Commentaire • 0
Sur la décision
| Référence : | TJ Le Mans, ch. 9, 6 févr. 2026, n° 25/00412 |
|---|---|
| Numéro(s) : | 25/00412 |
| Importance : | Inédit |
| Dispositif : | Statue sur un incident survenant au cours d'une mesure d'instruction ou d'information |
| Date de dernière mise à jour : | 14 février 2026 |
| Lire la décision sur le site de la juridiction |
Texte intégral
Minute n°26/
ORDONNANCE DU : 06 février 2026
DOSSIER N° : N° RG 25/00412 – N° Portalis DB2N-W-B7J-ISZT
AFFAIRE : S.A.R.L. LOGIPAR OUEST
c/ Société GATES INDUSTRIAL EUROPE SARL
TRIBUNAL JUDICIAIRE DU MANS
Chambre 9 CIVILE
ORDONNANCE DE RÉFÉRÉ DU 06 février 2026
DEMANDERESSE
S.A.R.L. LOGIPAR OUEST, dont le siège social est sis [Adresse 3]
représentée par Maître Pierre LANDRY de la SCP PIERRE LANDRY AVOCATS, avocats au barreau du MANS
DEFENDERESSE
Société GATES INDUSTRIAL EUROPE SARL, dont le siège social est sis [Adresse 1] / LUXEMBOURG
représentée par Maître Benoît JOUSSE de la SELARL LACROIX JOUSSE BOURDON, avocats au barreau du MANS, avocat postulant
et par Maître Elise MERTENS de la SELAS FIDAL, avocats au barreau de NANCY, avocat plaidant
COMPOSITION DU TRIBUNAL
PRÉSIDENT : Marie-Pierre ROLLAND
GREFFIER : Judith MABIRE
DÉBATS
À l’audience publique du 09 janvier 2026,
À l’issue de celle-ci le Président a fait savoir aux parties que l’ordonnance serait rendue le 06 février 2026 par sa mise à disposition au greffe de la juridiction.

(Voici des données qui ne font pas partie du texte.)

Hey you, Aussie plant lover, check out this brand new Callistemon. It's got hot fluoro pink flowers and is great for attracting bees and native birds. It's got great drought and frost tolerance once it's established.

FAITS, PROCÉDURE ET PRÉTENTIONS DES PARTIES
Par acte d’huissier du 7 août 2025, la société LOGIPAR OUEST a fait délivrer une assignation à comparaître à la société GATES INDUSTRIAL EUROPE devant la juridiction des référés du tribunal judiciaire du Mans, aux fins de faire déclarer opposable à son contradicteur l’expertise ordonnée le 6 décembre 2024 par une décision en référé du tribunal de ce siège, dans l’instance initiée par la SARL BULLE NATURE.
La SARL BULLE NATURE a en effet fait l’acquisition d’un véhicule d’occasion citroën jumpy spacetourer auprès du garage Blanchard à [Localité 2]. Elle a alors attrait en justice la SARL Blanchard, la SAS Total Energies Lubrifiants service automobile et les MMA, assureur du garage Blanchard en raison d’un problème moteur. Par la suite, la SARL Blanchard a également fait citer la SARL LOGIPAR OUEST au motif qu’elle lui avait acheté un kit de distribution “GATKP 25674XS”.

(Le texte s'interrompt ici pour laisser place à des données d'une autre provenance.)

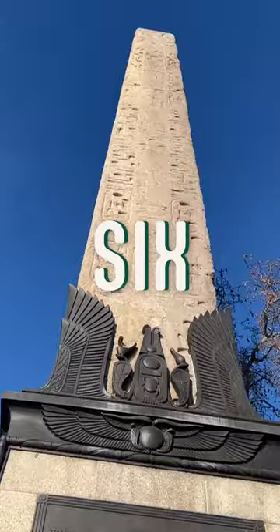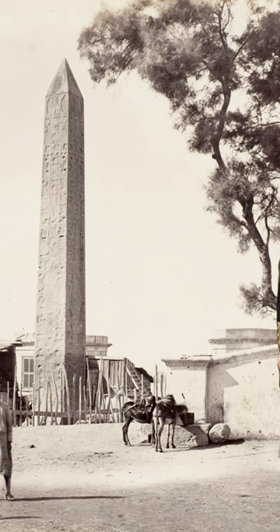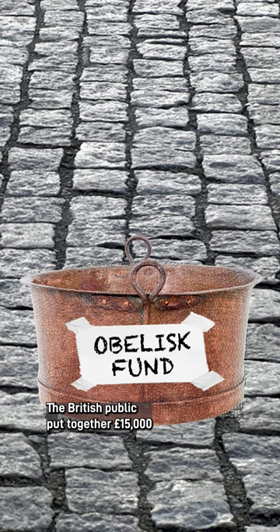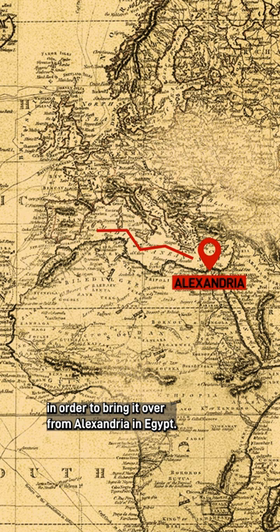This Egyptian column killed six people and contains one of the weirdest time capsules around. In 1878, Britain was gifted Cleopatra's Needle. The only problem was the 68-foot stone obelisk was in Egypt. So, always up for a pointless challenge, the British public put together £15,000 in order to bring it over from Alexandria in Egypt.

Or dans le cadre des opérations d’expertise confiées à monsieur [L], expert judiciaire, ce dernier a indiqué dans une note n°1 que les prochaines investigations devraient se faire au contradictoire de la société GATES INDUSTRIAL EUROPE en sa qualité de distributeur du kit de distribution Gates.
A l’audience du 9 janvier 2026, la société LOGIPAR OUEST maintient ses demandes par l’intermédiaire de son conseil.
Concluant en réponse, la société GATES INDUSTRIAL EUROPE s’oppose à sa mise en cause en faisant valoir que la société LOGIPAR OUEST ne rapporte pas la preuve qu’elle s’est fourni auprès d’elle.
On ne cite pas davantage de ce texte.